*Given data:*
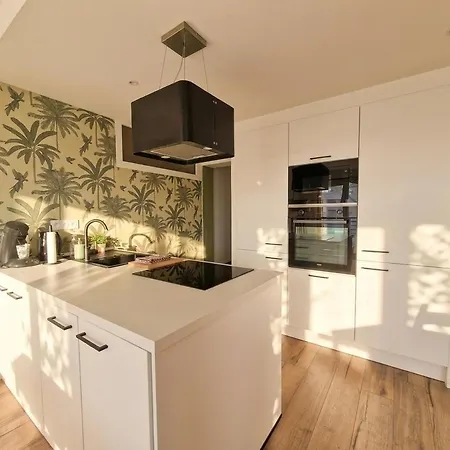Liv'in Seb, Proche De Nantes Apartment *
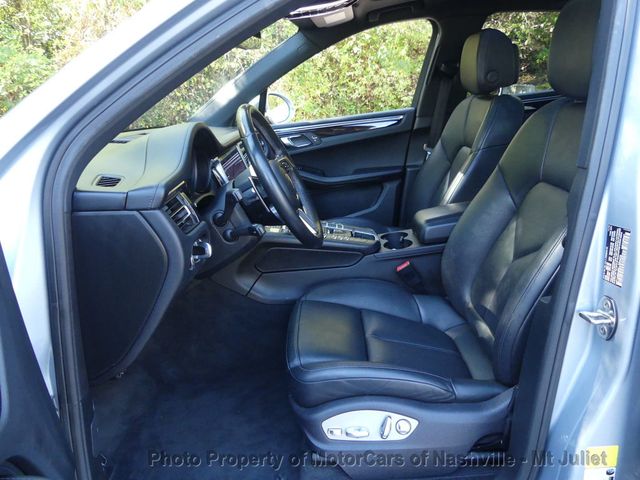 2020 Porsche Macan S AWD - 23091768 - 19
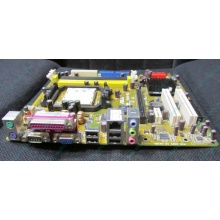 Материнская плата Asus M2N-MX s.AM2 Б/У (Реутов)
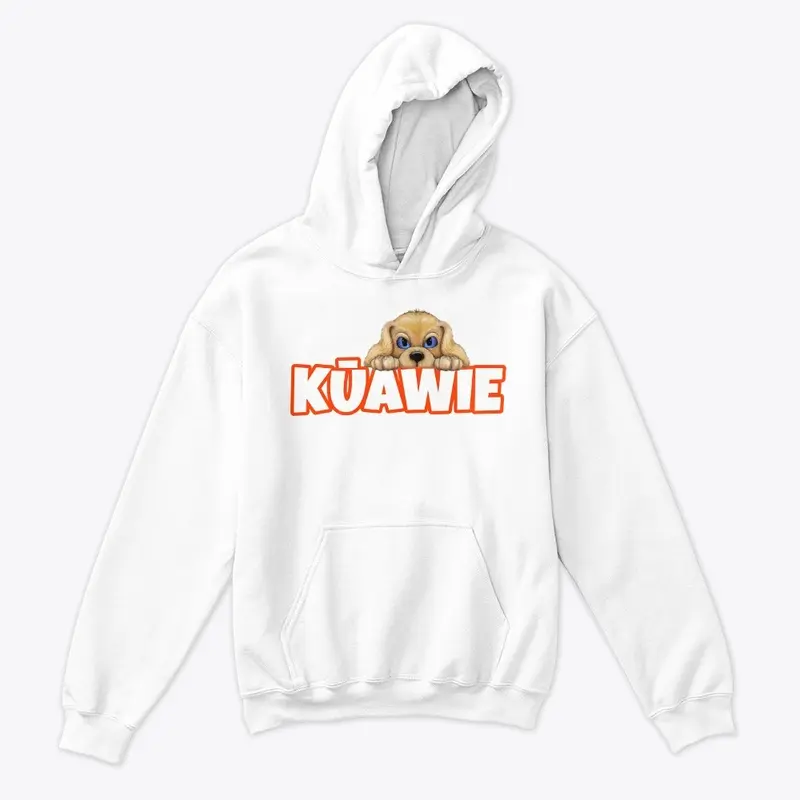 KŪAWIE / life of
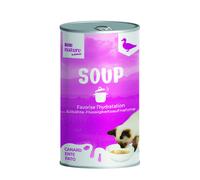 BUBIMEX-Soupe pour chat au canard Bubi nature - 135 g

*What is expected:*
Repeat the records word for word, skipping pictures.

*Solved exercise:*
Liv'in Seb, Proche De Nantes Apartment *
 2020 Porsche Macan S AWD - 23091768 - 19
 Материнская плата Asus M2N-MX s.AM2 Б/У (Реутов)
 KŪAWIE / life of
 BUBIMEX-Soupe pour chat au canard Bubi nature - 135 g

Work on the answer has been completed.